Please don't hide youtube video controls.



That's one of the more successful "fast in the middle, slow at the ends" conveyor-type systems for people. Several moving walkway systems have been built with similar properties.[1] None were very successful. There was a system where escalator-like plates made of twin combs expanded and contracted. There have been systems with belts moving at different speeds. There was a system which went from slow and wide to fast and narrow as it turned a corner. So far, none have been successful enough to be installed in any quantity.

The SF version, in Arthur C. Clarke's "The City and the Stars", used a material that was solid in the vertical dimension and liquid in horizontal, so it could be both used as a moving floor and pumped.

[1] http://www.liberation.fr/culture/2009/08/01/l-echec-au-bout-...


Reminds me of the rides at Disneyland that run continuously. The Haunted Mansion cars don't stop to let people on; people step onto a moving walkway at the same speed as the cars.

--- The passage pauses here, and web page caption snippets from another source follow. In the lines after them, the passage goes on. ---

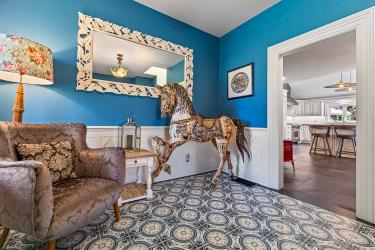 282398 County Road 10, Grand Valley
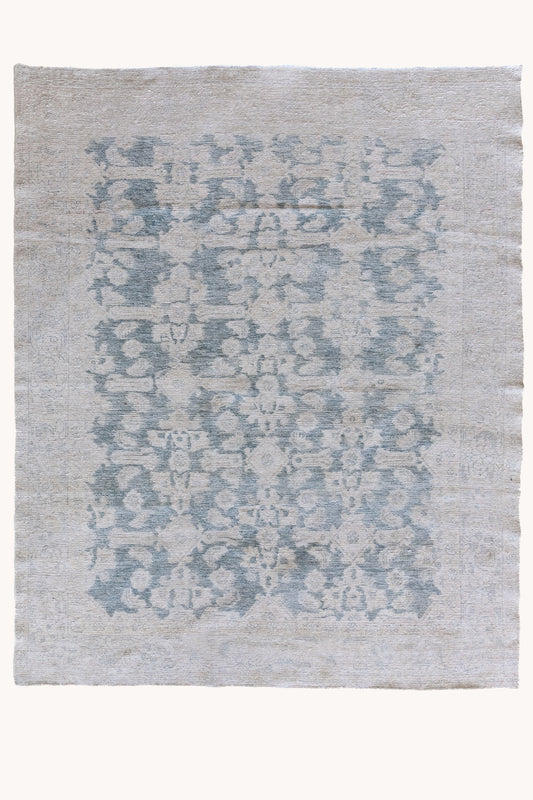 District-Loom-Vintage-Malayer-Scatter-Rug-Stillwater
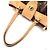 Louis Vuitton Monogram Boëti MM Multicolore - vista 5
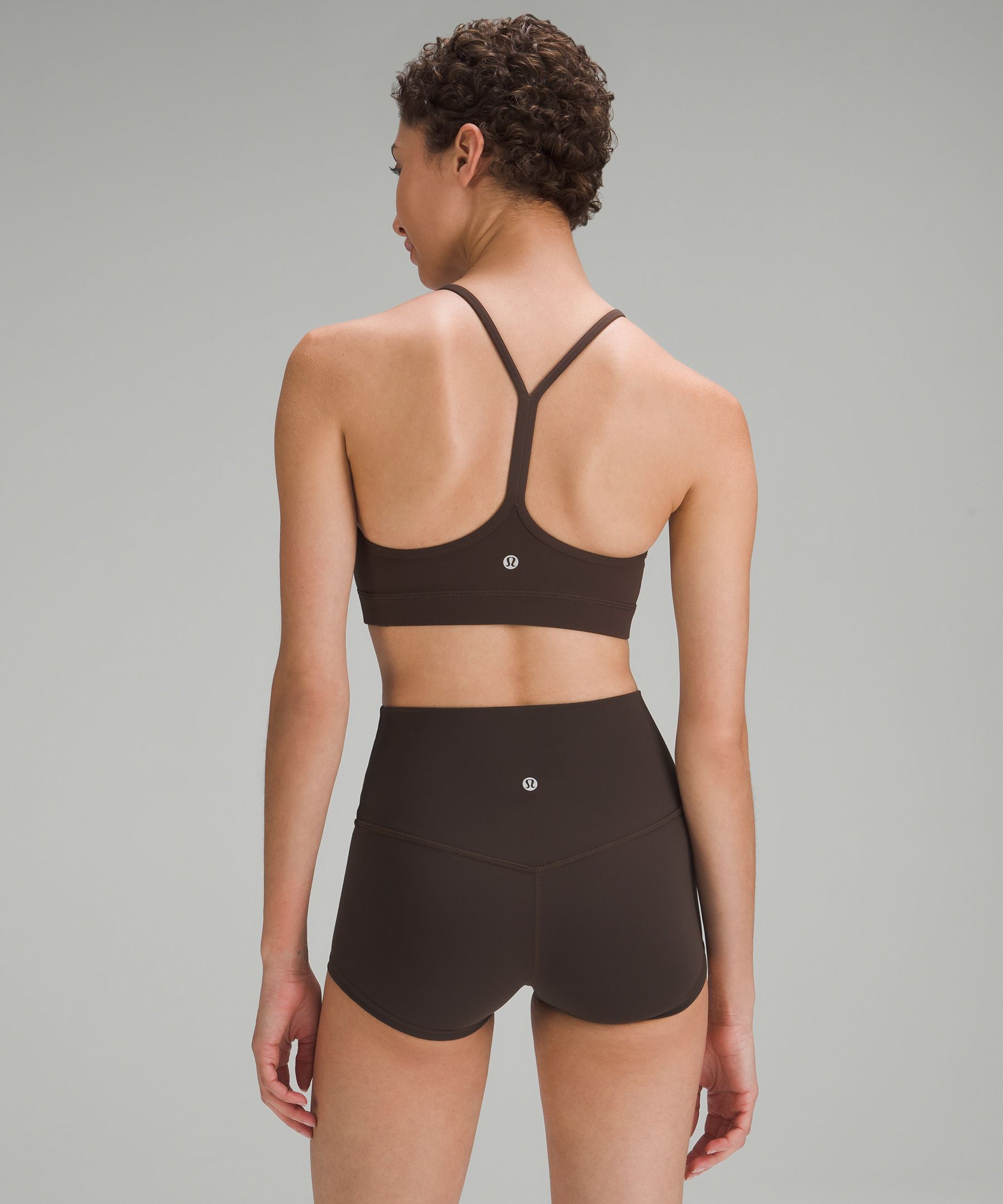 https://images.lululemon.com/is/image/lululemon/LW2CRHS_019746_2?size=800,800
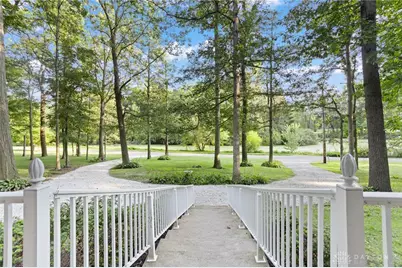 1112 Evergreen Drive, Greenville, OH 45331 - Photo 42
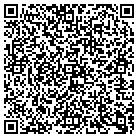 QR code with Ty's Trees & Bobcat Service contacts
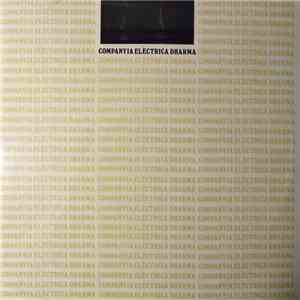 Companyia Elèctrica Dharma - Diumenge flac download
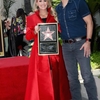 Carrie-Underwood-Hollywood-Walk-Fame-Ceremony-2018_281029.jpg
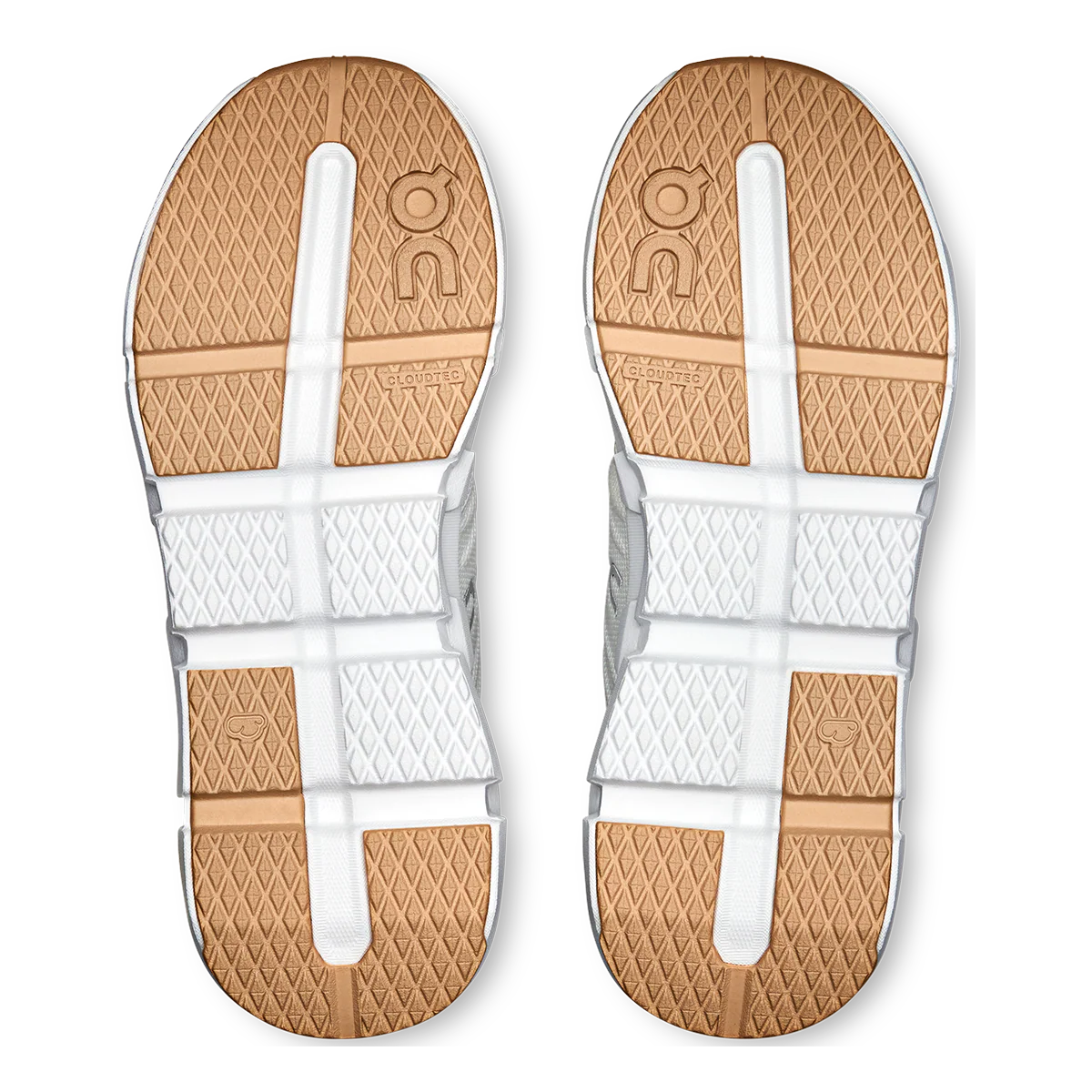 ON Cloudswift Kids - Image 12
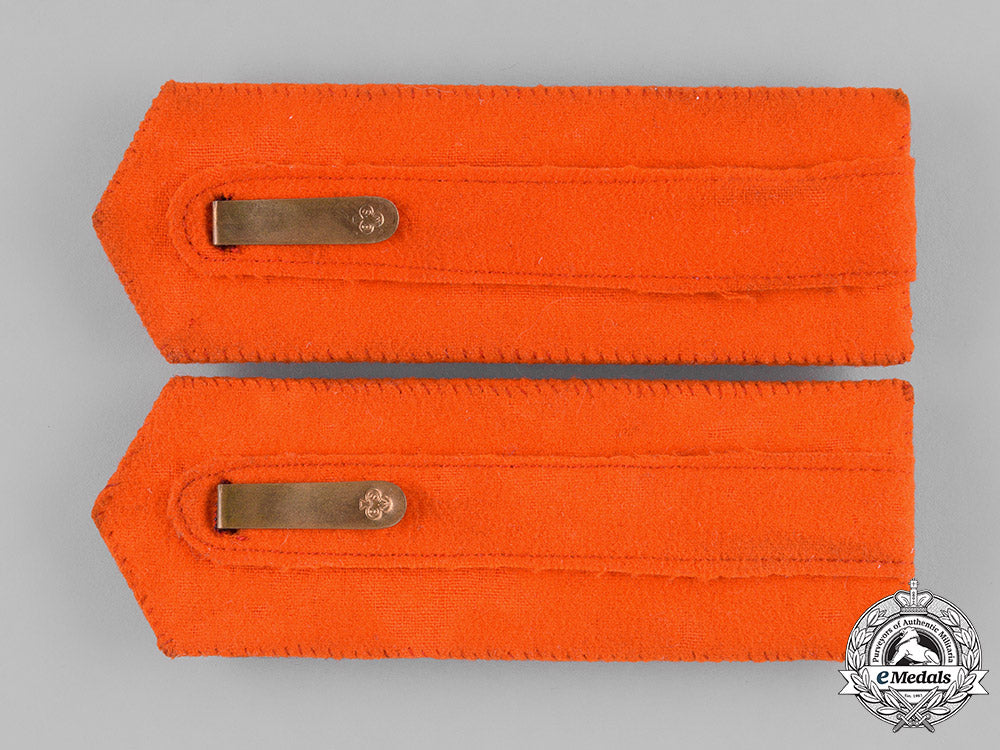 austria,_empire._a_pair_of_first_war_shoulder_boards_by_gebruder_schneider_m181_8753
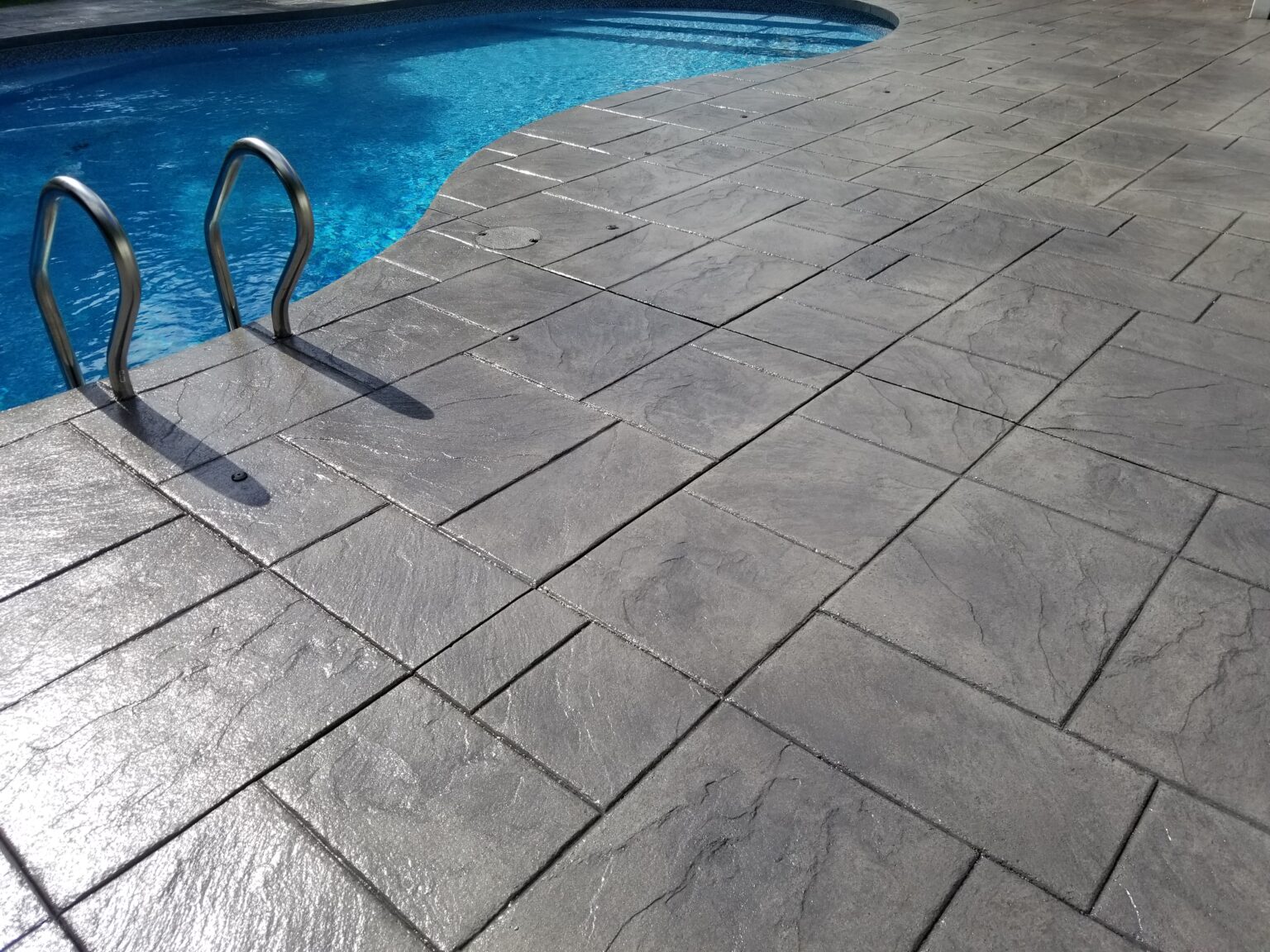 Can You Seal Concrete Twice? Concrete Sealer Tricks & FAQs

(The exception is to let someone who can't use the walkway or get on quickly enough, like a wheelchair user, to board.)


What about using some type of pod system that you get into, and then get picked up by the train while moving. Then when you arrive at your destination your pod jumps on a different track and comes to a halt at the exit from the station. This would also allow for a inter-train exchange point, so you stay in your pod from start to end of your trip. The pods could be individual, or multi person, and hook on to different train wagons. The entire system could be close to 100% automated, and inter passenger crime could probably be lowered.

I think it could be done relatively easy, if the train slows in the stations etc. We have the advantage that it could be speedup in the future when the tech allows it.


I like when the nanny state is occasionally thwarted by its toddler citizens' wants: the New Routemasters in London are a great example. Rather than the agonising 20-metre, 10-minute wait to the stop, you can assess the road yourself and hop off (and on if you just miss it).

http://en.wikipedia.org/wiki/New_Routemaster

Boris, the London mayor, re-introduced these. I look forward to his PMship after Cameron, mainly because of the points he makes about freedom in this piece, using the Routemaster metaphorically (paragraph 7 on).

http://www.telegraph.co.uk/motoring/10067598/Hop-on-and-off-...


> you can assess the road yourself and hop off (and on if you just miss it)

Unless it's evening, or there's a staff shortage, or it's being run on one of several routes which now never have a second staff member and hence always shut the door between stops.

Such a shame.


Pretty Interesting. Anyone knows the economics of this today?

Or a related note, what happens is one can use light rail tracks in SF Bay area as extra car lanes? Does it help in any way? Lets say we have special cars which can run on rails when train is not coming.


Cars generate more congestion simply because they take more space:

http://tlcminnesota.typepad.com/.a/6a00e553d253af88330176173...


Adding extra car lanes will not solve the traffic problem in dense areas. See the pictures that compares public transit density with cars: http://www.humantransit.org/2012/09/the-photo-that-explains-...

Maybe if everyone car-pooled optimally and we prohibited not-pooling during rush we would not have this problem. My dream world would have more extensive subways in the bay area that runs 24hrs a day so that I can never drive again.



Isn't that similar to how skiing lifts work?


Sadly constructing new public transit that isn't wheelchair accessible is impossible in 2015.


As long as we don't have bionic limbs for, let's say 80% of cases, and can pay taxis (self driving cars?) for the rest, I don't think we should be sad about this. One important aspect of a civilised society is to leave noone behind, or at least have that as a goal.